AB'nin getirdiği 'kalkınma' Tabii ki AB, İrlanda'ya "kalkınma" getirdi; hafifleyeceğe benzemeyen karayolu inşa etme çılgınlığı, örneğin. 1990'ların olağanüstü (ve eşitsiz) ekonomik gelişmesi, İrlanda AB üyesi olmasaydı yaşanmayacaktı. Ama bu gelişmenin sebepleri tamamen tesadüfiydi. En önemli sebep; ABD ekonomik büyümesinin, Avrupa'nın bu köşesindeki ABD ticari ve siyasi çıkarları ile çakışmasıydı. Aynı gelişmenin başka bir ülkede tekrarlanacağını beklemek saçma olur; hele de ABD'nin ekonomik "mucize"sinin ne kadar sanal olduğunu öğrendiğimiz bugünlerde. Elbette Avrupa şirketleri de, Doğu Avrupa'nın sunduğu ucuz işgücüne doğru genişlemek için hevesli. Böylesi şirketlerin "serbest ticaret"i nasıl ve ne amaçla kullandıklarını öğrenmek için, Meksikalılara danışmalısınız. Geçmişte; İrlanda, Yunanistan, Portekiz ve İspanya gibi yoksul üyelerin yararlandığı doğrudan "birleştirme" fonları dahi, bu ekonomik küçülme döneminde cömert bir noktada olmayacak. Hele de, sadece bir yıl içinde 10 ülkenin birden AB'ye gireceği düşünülürse.
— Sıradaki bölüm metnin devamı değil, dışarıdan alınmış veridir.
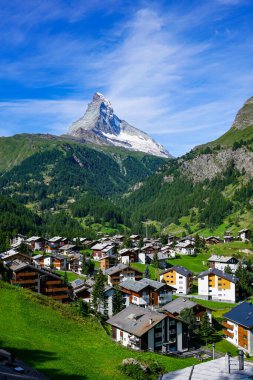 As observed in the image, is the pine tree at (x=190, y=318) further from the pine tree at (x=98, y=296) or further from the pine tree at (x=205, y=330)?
the pine tree at (x=98, y=296)

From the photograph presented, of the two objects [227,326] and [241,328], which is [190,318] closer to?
[227,326]

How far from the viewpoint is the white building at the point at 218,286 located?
11481 centimetres

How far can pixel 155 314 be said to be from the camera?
69.6 meters

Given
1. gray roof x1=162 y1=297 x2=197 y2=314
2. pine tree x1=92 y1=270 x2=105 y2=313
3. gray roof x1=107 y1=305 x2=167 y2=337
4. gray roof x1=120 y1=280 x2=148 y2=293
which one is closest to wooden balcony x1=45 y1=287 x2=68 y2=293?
pine tree x1=92 y1=270 x2=105 y2=313

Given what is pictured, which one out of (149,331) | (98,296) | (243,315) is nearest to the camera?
(149,331)

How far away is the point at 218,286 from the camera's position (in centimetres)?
11694

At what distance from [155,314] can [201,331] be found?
12294 mm

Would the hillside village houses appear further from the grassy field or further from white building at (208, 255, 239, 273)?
the grassy field

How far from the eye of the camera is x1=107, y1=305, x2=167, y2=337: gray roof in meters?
65.9

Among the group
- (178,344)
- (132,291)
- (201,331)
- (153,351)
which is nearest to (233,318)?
(201,331)

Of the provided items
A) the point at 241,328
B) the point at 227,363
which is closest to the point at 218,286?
the point at 241,328

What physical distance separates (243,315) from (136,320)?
21.0 meters

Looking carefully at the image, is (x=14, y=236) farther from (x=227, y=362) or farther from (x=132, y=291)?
(x=227, y=362)

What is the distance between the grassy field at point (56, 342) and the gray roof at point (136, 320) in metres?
4.58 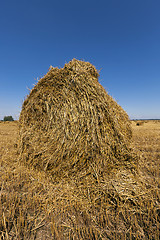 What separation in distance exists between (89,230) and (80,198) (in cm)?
51

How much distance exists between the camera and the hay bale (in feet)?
7.43

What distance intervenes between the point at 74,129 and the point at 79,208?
49.2 inches

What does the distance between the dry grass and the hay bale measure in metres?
0.26

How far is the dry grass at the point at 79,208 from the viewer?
1282 millimetres

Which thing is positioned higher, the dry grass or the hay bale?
the hay bale

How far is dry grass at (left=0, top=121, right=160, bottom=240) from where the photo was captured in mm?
1282

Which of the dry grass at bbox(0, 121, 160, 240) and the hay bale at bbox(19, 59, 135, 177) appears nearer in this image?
the dry grass at bbox(0, 121, 160, 240)

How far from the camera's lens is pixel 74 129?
7.74ft

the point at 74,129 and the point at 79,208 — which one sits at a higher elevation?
the point at 74,129

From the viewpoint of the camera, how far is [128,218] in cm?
140

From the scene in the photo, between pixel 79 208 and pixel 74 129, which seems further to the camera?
pixel 74 129

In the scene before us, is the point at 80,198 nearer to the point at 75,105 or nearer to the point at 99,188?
the point at 99,188

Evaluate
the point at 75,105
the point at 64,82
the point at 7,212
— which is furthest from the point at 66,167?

Neden 'Evet' çıktı? Madem böyle, bir önceki referandumda 54-46 ile "Hayır" diyen İrlanda, neden Nice Anlaşması'na güçlü bir "Evet" dedi? Dublin'den pek çok yorumcu, sonuca sayısal olarak baktığımızda, "Hayır" oylarının geçen yılki ile aşağı yukarı aynı olduğunu belirtiyor. Dediklerine göre, oy kullanma oranının artması (yine de yüzde 50'nin altındaydı) "Evet" sonucunu getirmiş. Vardıkları sonuç şu: "Evet"çilerin pek çoğu, bir önceki oylamada duyarsızlık ve zayıf bir kampanya nedeniyle sandık başına gitmedi, ama bu sefer gittiler. Bu indirgemeci aritmetiğin önemli bir sebebi var: "Hayır" oyu kullananlar, ikna edilmesi mümkün olmayan, kalıcı bir çılgın azınlık olarak resmediliyor ve bunların, "doğal, AB yanlısı çoğunluk"un demokratik bir biçimde harekete geçirilmesiyle yenilgiye uğratılabileceği varsayılıyor. Bu fikir; ikinci bir referandum düzenleme gibi nesnel olarak antidemokratik bir karar alan "Evet" cephesini meşrulaştırmaya hizmet etmekte.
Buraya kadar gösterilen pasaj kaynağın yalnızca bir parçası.